Hominy made with lye bought at the store is most common in my area. Be sure you get lye (sodium hydroxide), not drain cleaner, from the grocery, hardware or building supply store. Wash 2 quarts of shelled corn to get rid of dust and chaff. Put the corn in a non-reactive pot (I use my enamel canner) and add 8 quarts potable water and 2 ounces of purchased lye (about 8 - 9 teaspoons). Bring the pot to a boil and boil vigorously 30 minutes. Turn off heat and let stand 20 minutes longer. Drain hominy and rinse well using hot water.

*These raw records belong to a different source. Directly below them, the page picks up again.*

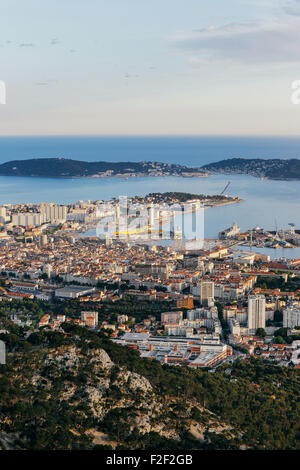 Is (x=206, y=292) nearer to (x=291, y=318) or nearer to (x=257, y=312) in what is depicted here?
(x=257, y=312)

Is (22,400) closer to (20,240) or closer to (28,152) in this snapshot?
(20,240)

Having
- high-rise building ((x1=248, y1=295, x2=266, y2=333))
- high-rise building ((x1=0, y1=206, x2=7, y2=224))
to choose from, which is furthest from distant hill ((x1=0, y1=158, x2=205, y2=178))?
high-rise building ((x1=248, y1=295, x2=266, y2=333))

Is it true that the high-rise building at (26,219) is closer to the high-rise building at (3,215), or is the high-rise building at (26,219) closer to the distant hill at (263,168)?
the high-rise building at (3,215)

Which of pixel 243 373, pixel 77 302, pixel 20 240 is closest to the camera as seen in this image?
pixel 243 373

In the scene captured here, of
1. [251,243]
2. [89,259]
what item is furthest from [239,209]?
[89,259]

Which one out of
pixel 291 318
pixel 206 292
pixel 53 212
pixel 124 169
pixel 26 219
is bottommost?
pixel 291 318

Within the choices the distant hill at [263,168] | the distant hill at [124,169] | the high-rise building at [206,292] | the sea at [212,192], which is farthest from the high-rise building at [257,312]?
the distant hill at [124,169]

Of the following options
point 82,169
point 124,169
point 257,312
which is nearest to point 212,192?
point 124,169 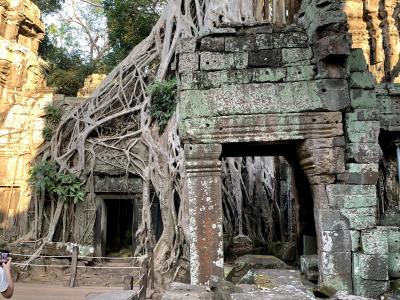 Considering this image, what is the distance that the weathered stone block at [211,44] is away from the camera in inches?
155

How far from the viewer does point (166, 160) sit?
26.2 feet

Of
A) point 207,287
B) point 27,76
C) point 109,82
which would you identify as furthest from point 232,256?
point 27,76

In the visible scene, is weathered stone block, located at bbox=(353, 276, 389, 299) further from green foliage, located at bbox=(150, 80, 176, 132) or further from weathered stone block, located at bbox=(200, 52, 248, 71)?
green foliage, located at bbox=(150, 80, 176, 132)

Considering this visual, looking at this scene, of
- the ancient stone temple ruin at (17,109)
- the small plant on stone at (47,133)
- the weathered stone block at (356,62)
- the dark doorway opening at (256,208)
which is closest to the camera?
the weathered stone block at (356,62)

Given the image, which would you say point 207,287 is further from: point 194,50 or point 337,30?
point 337,30

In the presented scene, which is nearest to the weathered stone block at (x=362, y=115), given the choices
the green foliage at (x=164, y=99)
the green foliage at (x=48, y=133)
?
the green foliage at (x=164, y=99)

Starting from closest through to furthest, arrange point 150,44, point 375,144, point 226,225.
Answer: point 375,144
point 226,225
point 150,44

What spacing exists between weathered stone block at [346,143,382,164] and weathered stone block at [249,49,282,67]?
1.15 metres

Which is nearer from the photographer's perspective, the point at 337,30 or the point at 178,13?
the point at 337,30

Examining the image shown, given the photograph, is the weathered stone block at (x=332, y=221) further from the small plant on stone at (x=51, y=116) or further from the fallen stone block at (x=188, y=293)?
the small plant on stone at (x=51, y=116)

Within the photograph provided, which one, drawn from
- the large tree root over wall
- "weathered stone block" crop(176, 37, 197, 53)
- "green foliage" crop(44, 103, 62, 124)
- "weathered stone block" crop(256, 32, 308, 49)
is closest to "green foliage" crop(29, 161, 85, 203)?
the large tree root over wall

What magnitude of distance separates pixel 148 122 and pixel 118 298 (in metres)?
5.18

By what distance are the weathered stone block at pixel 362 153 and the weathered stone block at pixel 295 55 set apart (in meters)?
1.02

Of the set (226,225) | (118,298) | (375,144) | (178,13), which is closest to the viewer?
(375,144)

Work the hominy (rub it) with your hands, until skins and the little dark tips at the point of the corn are gone. Float them away in the rinsing water.
Drain the hominy, rinse out the pot and put the corn back in. Add water to cover plus one inch and bring to a boil. Boil 5 min. Change to fresh water and repeat the 5 minute boiling cycle 4 more times.
At this point you may cook and eat it, freeze it, can it or dehydrate it. This recipe makes 6 quarts or so of hominy (which amount fits my canner per- fectly for canning).

You can make your own lye water by dripping rain water (distilled for those with no rain catching system) through hardwood ashes. You might have trouble finding a barrel to make the drip system. Don't worry, plastic pails that stack work just as well. (Better yet if you can get the baker at the local grocery store to give you a couple for free.) Proceed to make lye water in the usual manner and remember, if it not strong enough to suit you or to float the egg, you can simply run the weak lye water through 
another pail of fresh ashes to make it stronger, or boil it down to concentrate it.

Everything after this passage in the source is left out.